教員のiDeCoはいくらまで拠出できる?限度額と節税効果を具体例で解説

教員の資産形成において、iDeCo(イデコ)は非常に強力な味方です。
特に2024年12月の法改正により、教員の拠出限度額が引き上げられ、利便性も向上しました。
この記事では、2026年現在の最新ルールに基づき、教員がいくら拠出できるのか、そして具体的にどれくらいの節税メリットがあるのかをわかりやすく解説します。

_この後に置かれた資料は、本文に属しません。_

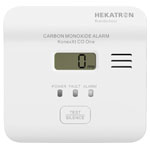 Hekatron 31-6300003-01-01 KonexXt CO Detector with 10-Year Battery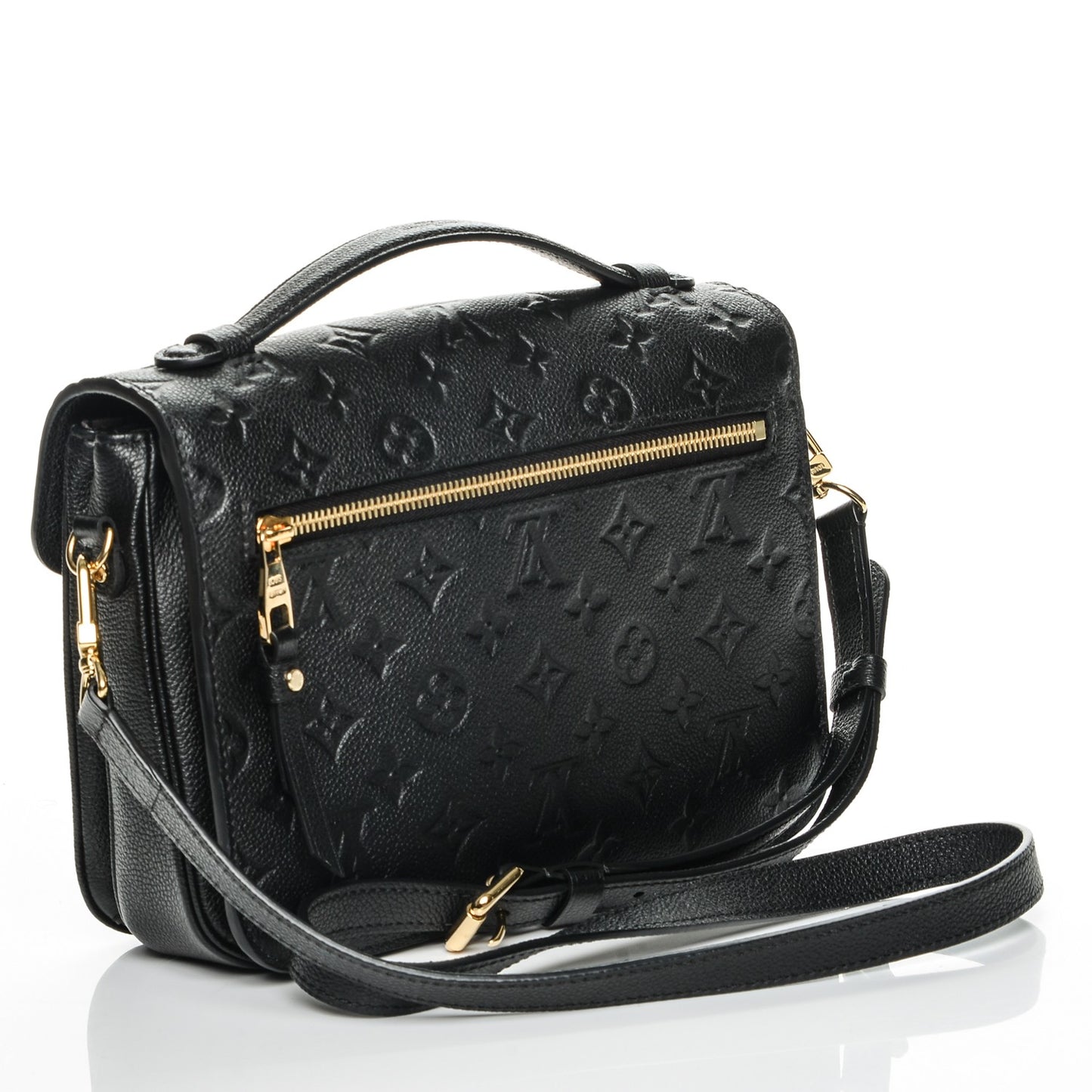 Empreinte Pochette Metis Black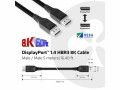Club3D Club 3D Kabel DisplayPort 1.4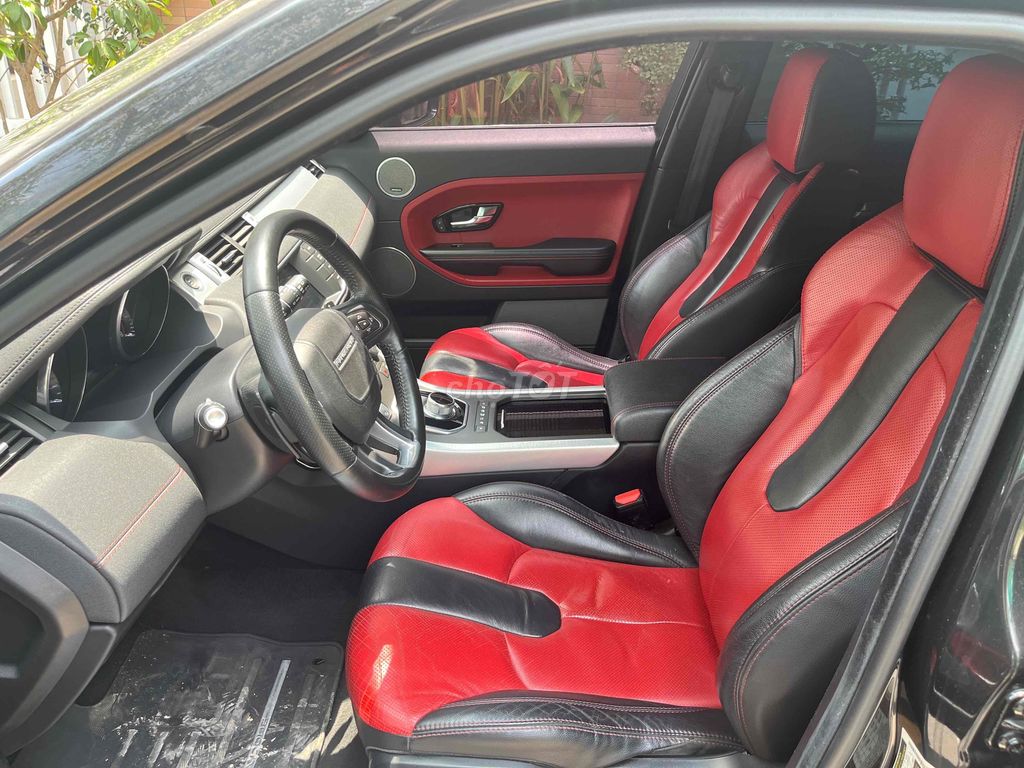 Range Rover Evoque 2016 Dynamic - Black Edition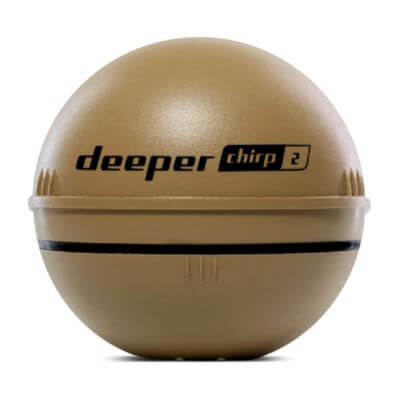 Deeper Smart Sonar CHIRP 2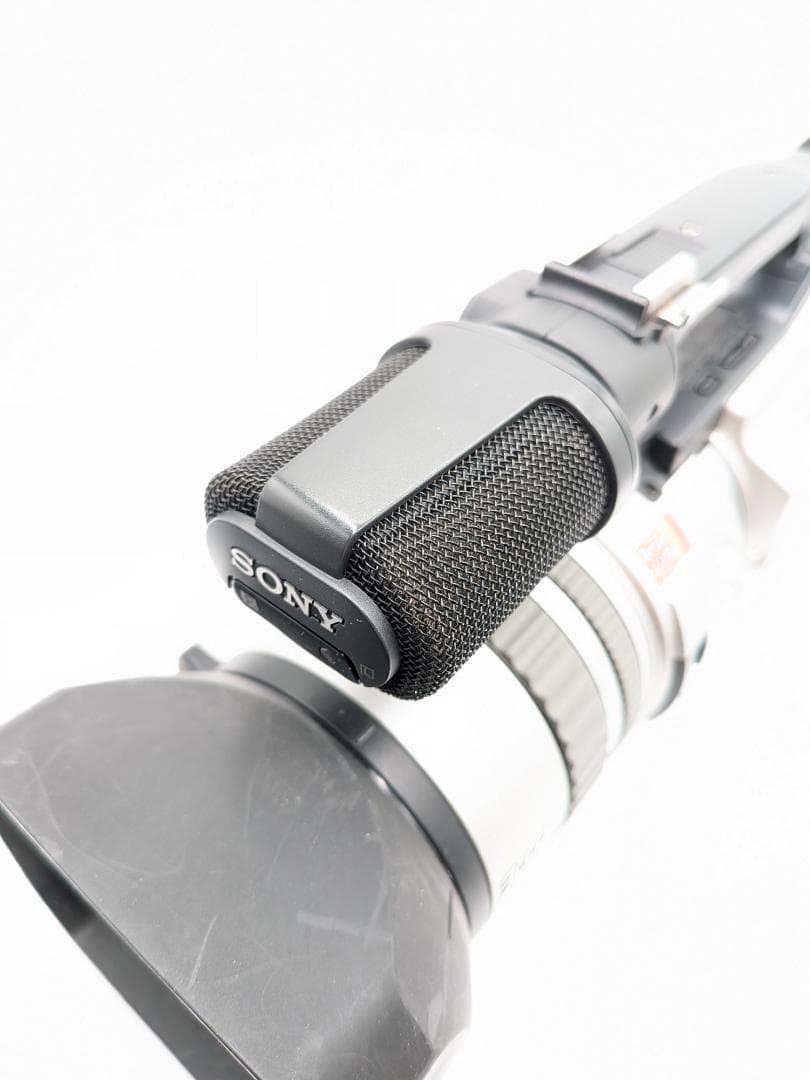 【きれいに録再可・美品 】Sony ビデオカメラ DCR-VX2000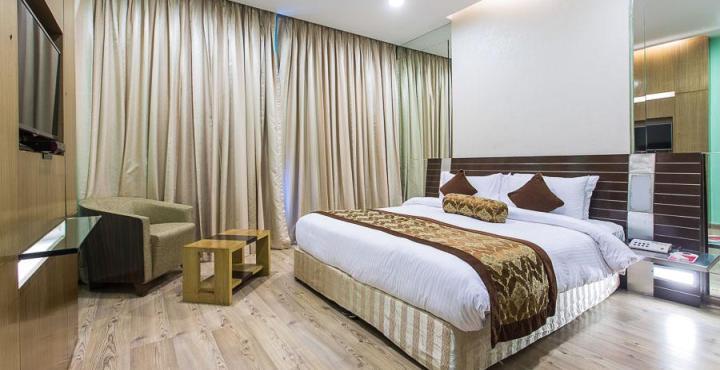 Ramada Powai & Convention Centre Hotel 5*
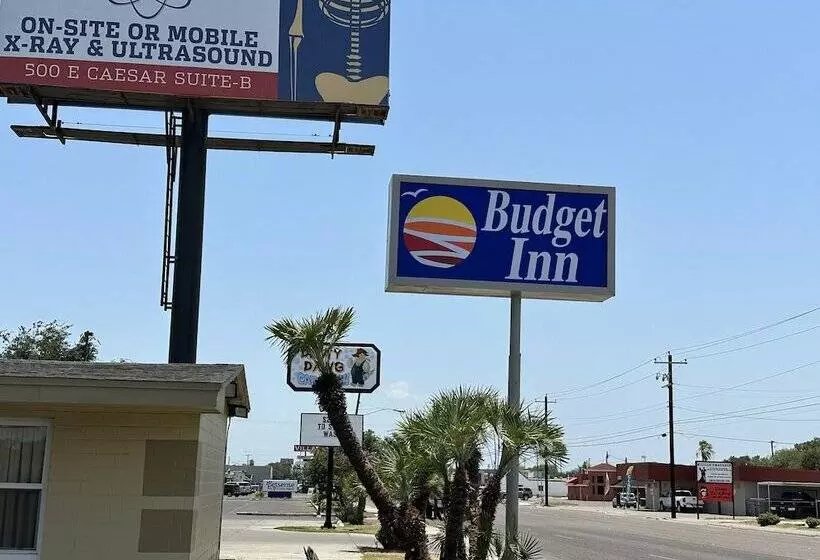 モーテル Budget Inn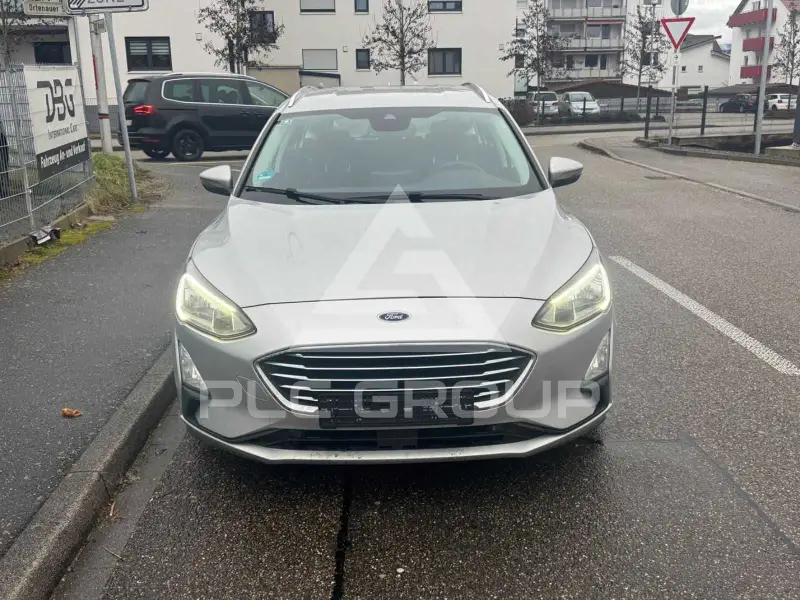 2019 Ford FOCUS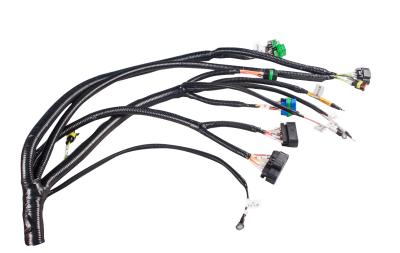 Vehicle wiring harness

「老後の資金が不安」「教員は退職金が減っていると聞いて心配」
そんな先生方に、今すぐ検討してほしいのがiDeCo(個人型確定拠出年金)です。
1. 2026年最新:教員のiDeCo限度額は「月額2万円」
2024年12月の制度改正を経て、公立学校の教員(共済組合員)の拠出限度額は、これまでの月額1.2万円から最大2万円(年額24万円)に拡大されました。
- 月額上限: 20,000円
- 年額上限: 240,000円
- 最低拠出額: 5,000円(1,000円単位で設定可能)
【重要】事務手続きがラクになりました!
以前は職場に「事業主証明書」を提出し、職印をもらう必要がありましたが、現在は事業主証明書の提出が不要です。職場の事務担当者を介さず、自分だけで手続きを完結できるようになっています。
2. 拠出額に応じた「節税効果」の具体例
iDeCoの最大の魅力は、掛金の全額が所得控除の対象になることです。つまり、積み立てている間、毎年の所得税と住民税が安くなります。
年収に応じた年間の節税目安(上限の月2万円・年24万円拠出した場合)を見てみましょう。
| 年収(目安) | 所得税率 | 住民税率 | 年間の節税額 | 30年間の累計 |
| 400万円 | 5% | 10% | 約3.6万円 | 約108万円 |
| 600万円 | 10% | 10% | 約4.8万円 | 約144万円 |
| 800万円 | 20% | 10% | 約7.2万円 | 約216万円 |
※所得控除の状況により変動します。
30年間続けると、税金の軽減分だけで100万円〜200万円以上の得をすることになります。これは、普通に銀行へ預けていては絶対に得られないメリットです。
3. 教員がiDeCoを始める際の注意点
メリットが大きいiDeCoですが、教員ならではの注意点もあります。
- 原則60歳まで引き出せない:老後資金のための制度なので、住宅ローンの頭金や急な入用で引き出すことはできません。無理のない金額から始めましょう。
- 手数料がかかる:口座開設時や毎月の積み立て時に数百円の手数料がかかります。ネット証券(楽天証券やSBI証券など)を選ぶと、この手数料を最小限に抑えられます。
- 受取時の出口戦略:教員は退職金が比較的多いため、iDeCoの受け取り時期を退職金とずらすなどの工夫をしないと、受取時に税金がかかる場合があります。
まとめ:月2万円の積み立てで将来に備えよう
2026年現在、教員は月額2万円までiDeCoで積み立てが可能です。
「給特法」の影響で残業代が出ないという厳しい現状があるからこそ、国が用意してくれている「税金が安くなる制度」を最大限に活用しましょう。
- まずは月1万円からでもスタートする
- 慣れてきたら上限の2万円まで引き上げる
まずはこのステップで検討してみてはいかがでしょうか。